Abdennabi Khaidar : «J'ai envie de laisser la vitrine comme ça, que les gens voient l'ambiance de travail rue du Brill.» (Photo Hubert Gamelon)

Le gérant de la boutique KPC Computer, rue du Brill, vient de subir deux cambriolages en trois mois. C’est le ras-le-bol.

Quand on est entré dans sa boutique, il a presque retrouvé le sourire. «On s’intéresse à mon sort !» Difficile, pourtant, de passer à côté du forfait : deux gros impacts étoilent la vitrine du KPC Computer, situé rue du Brill, à Esch-sur-Alzette. «Les malfaiteurs ont agi dans la nuit de samedi à dimanche. Ils ont balancé des parpaings. Ils voulaient voler des ordinateurs et des smartphones… tout ce que je répare et que je vends depuis 14 ans.» Raté. Lors du précédent cambriolage, en juillet, Abdennabi Khaidar avait fait mettre du verre feuilleté. L’informaticien s’est installé à Esch en 2002. «La rue du Brill était déjà en perte de vitesse, mais bon, les loyers étaient moins chers.»

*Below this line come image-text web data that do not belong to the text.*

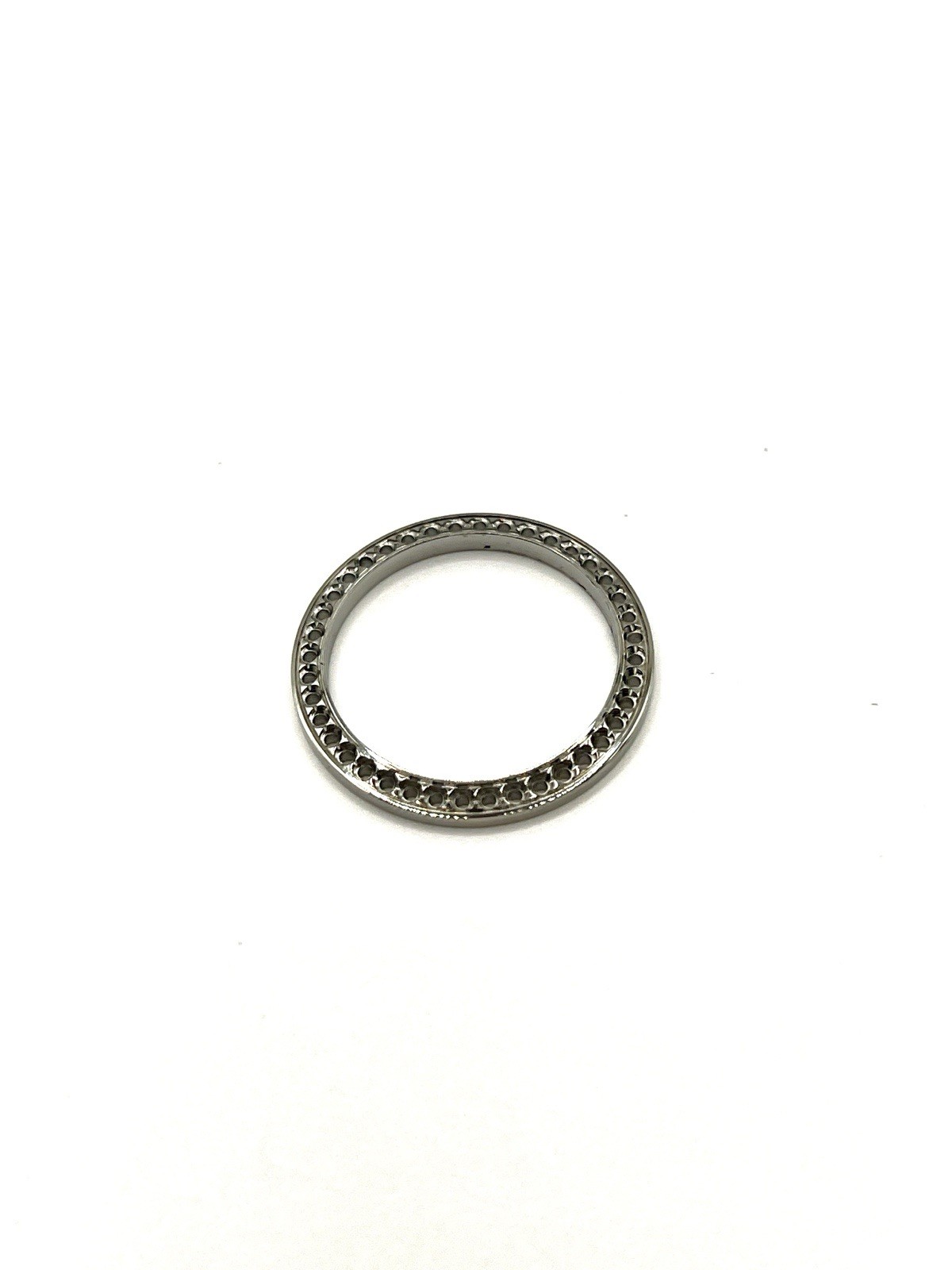 Stainless Steel Ladies Bezel to Fit Day Datejust Rolex 26mm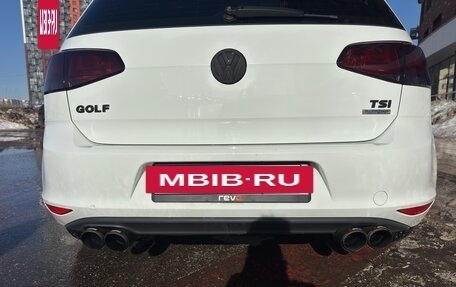 Volkswagen Golf VII, 2014 год, 949 000 рублей, 8 фотография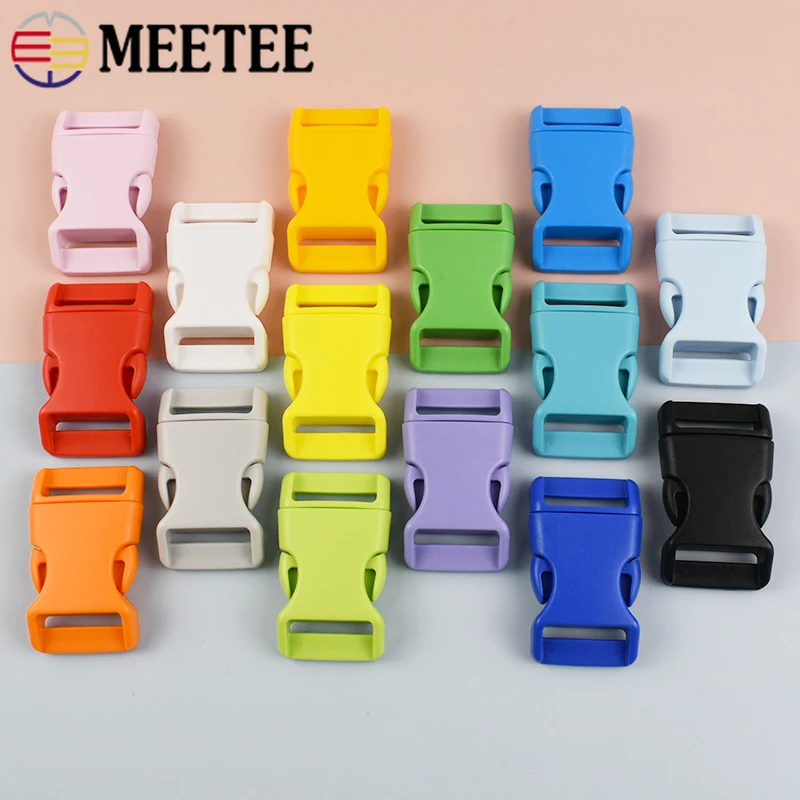 10/20Pcs 10-25mm Dog Collar Plastic Buckle Bag Side Adjustable Release Clasp for Backpack Strap Webbing Belt Hook DIY Accessory
10/20Pcs 10-25mm Dog Collar Plastic Buckle Bag Side Adjustable Release Clasp for Backpack Strap Webbing Belt Hook DIY Accessory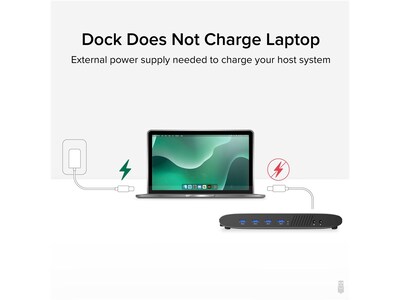 Plugable Dual-Display Universal Docking Station  (UD-6950H)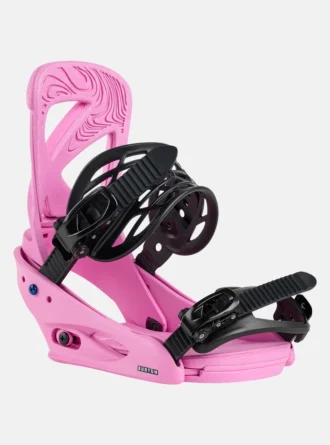 Burton Scribe Re:Flex snowboardbindinger for kvinner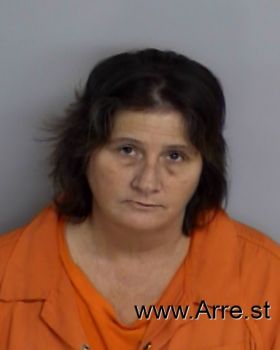 Nancy Bruce Davis Mugshot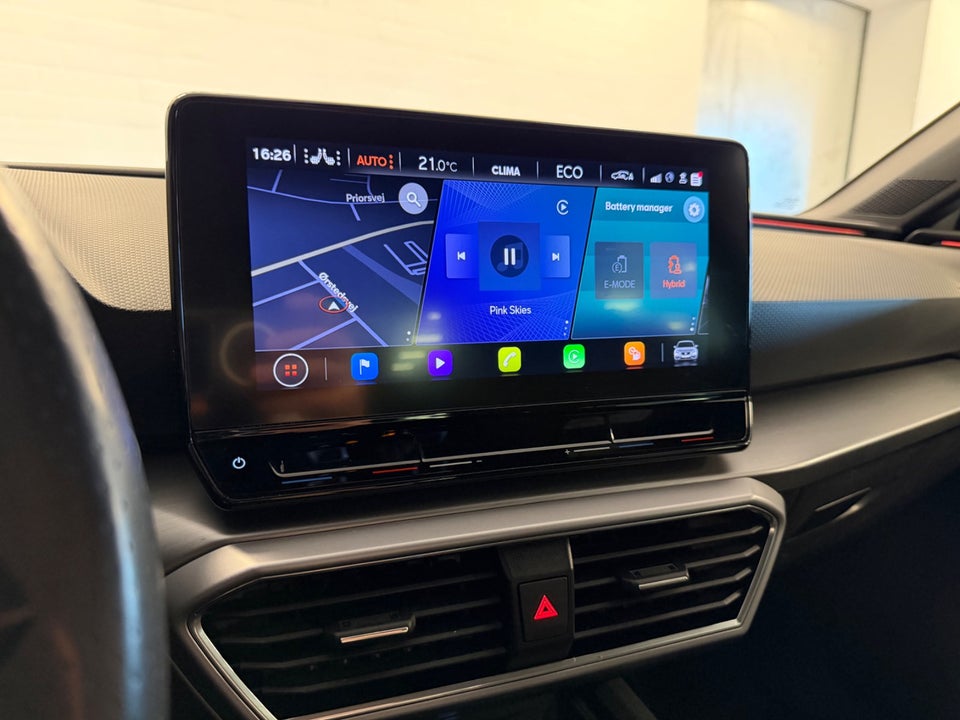 Seat Leon 1,4 eHybrid FR DSG 5d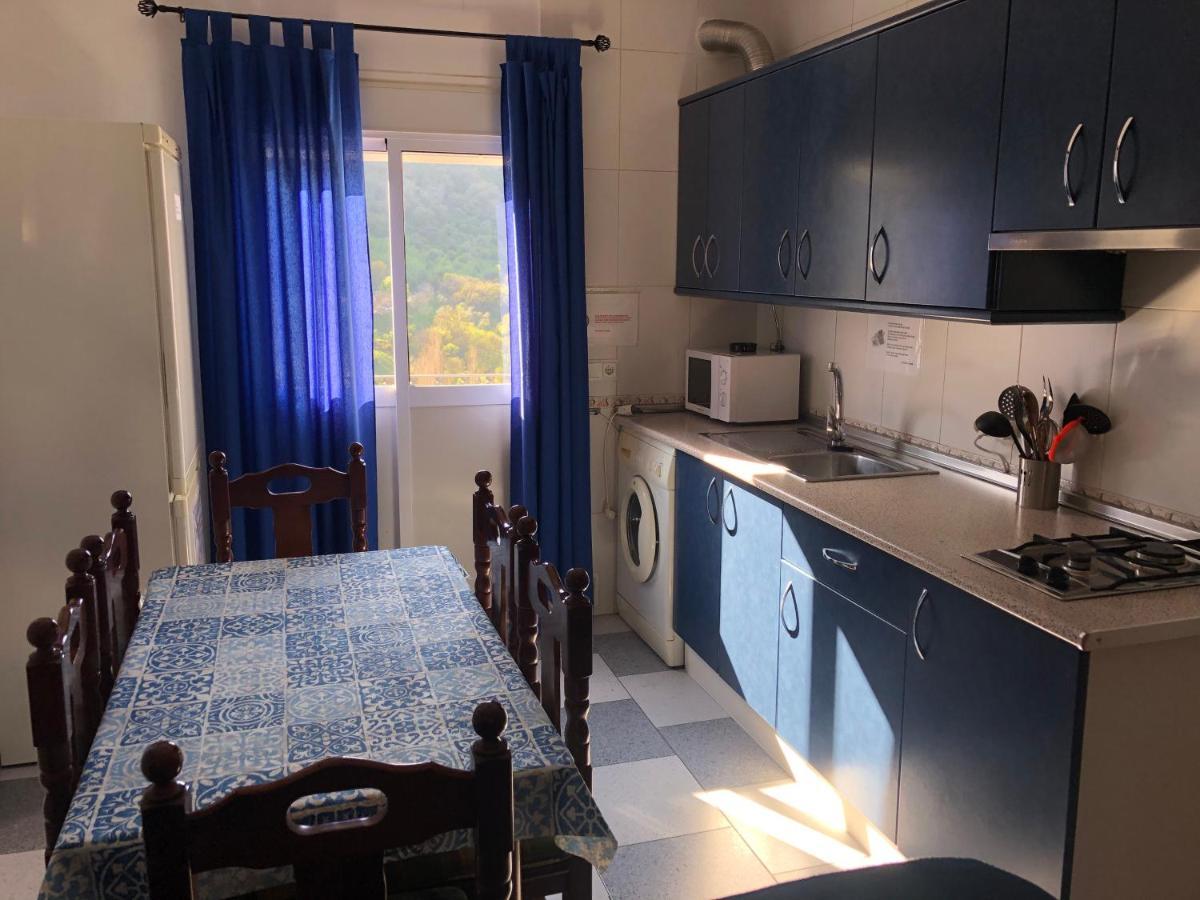 Ferienwohnung Benamahoma Rural Exterior foto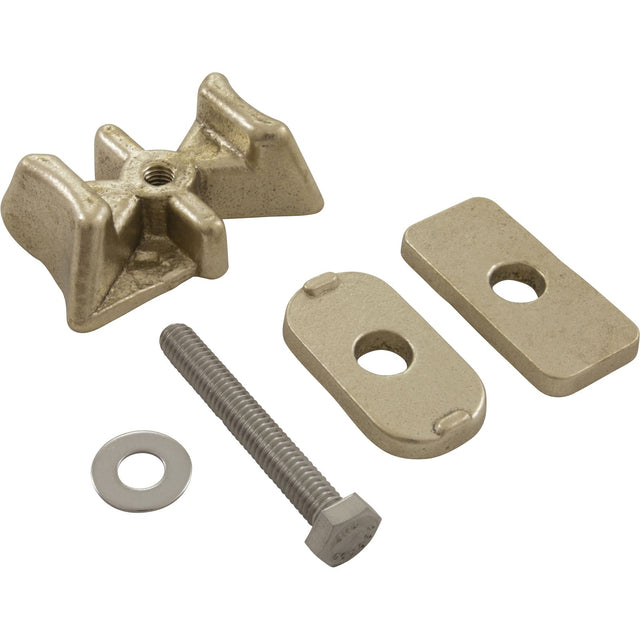 Wedge & Bolt Kit, SR Smith : 8 - 415A - SR Smith - 840671113605 - All Pool Parts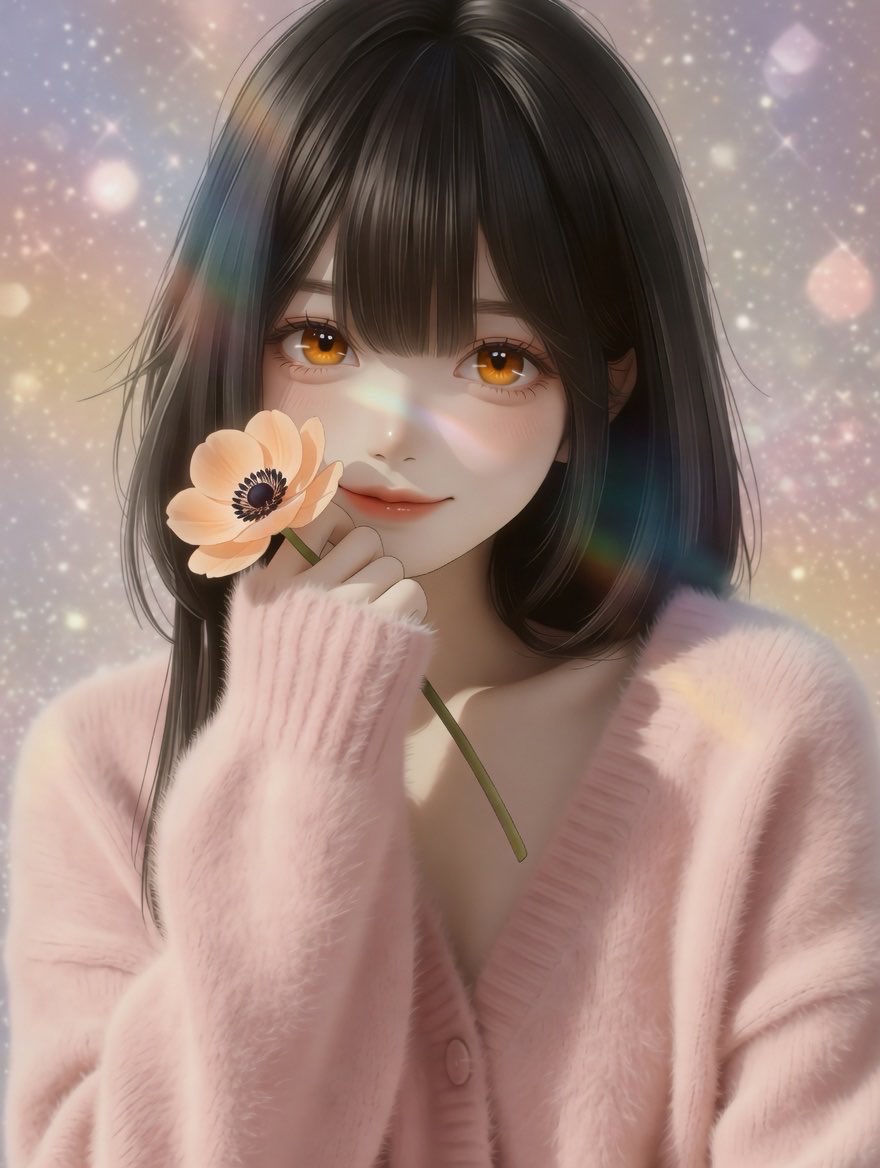 ni_konyanko's tweet image. おやすみなさい
明日も良い日になりますように
#AI
#AIart️️️️️️️️️️️️️️️️️️️️️️️️️️️️️️️️️️️️️️️️️️️️️️️️️️️ 
#AIイラスト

Sa vitrine, au sens figuré du terme, est aussi la vitrine de son savoir-faire. Un travail digne d’un horloger, appris dès les années 90. Le jeune homme de Casablanca s’était formé. Une société pétrolière l’avait repéré pour assurer des postes à responsabilités dans la maintenance informatique. Dubaï, Angleterre, Allemagne, France : du matériel haut de gamme passe entre ses mains et aujourd’hui, il sait réparer n’importe quelle machine. Problème, cette vitrine vient de voler en éclats pour la cinquième fois de sa carrière.

Une délinquance ordinaire

«Je subis un cambriolage tous les deux ans, calcule-t-il. Et cet été, deux fois de suite.» La boutique KPC a été vandalisée en juillet avec la même méthode : «Ils viennent à deux, ils jettent des briques en pleine nuit jusqu’à ce que la vitrine cède, et ils se servent.» Quand il a reçu un coup de fil à 3h, l’informaticien savait ce qui l’attendait. «C’est la police monsieur Khaidar, il faut venir sur place.» Et lundi, dans la rue : «Toi, c’est pas ton jour… J’en ai marre de l’entendre celle-là. Je veux travailler en sécurité, je ne veux plus des mots de compassion. Quand je suis revenu au boulot, j’avais envie de laisser la vitrine cassée exprès, pour que les gens voient ce qui se passe.»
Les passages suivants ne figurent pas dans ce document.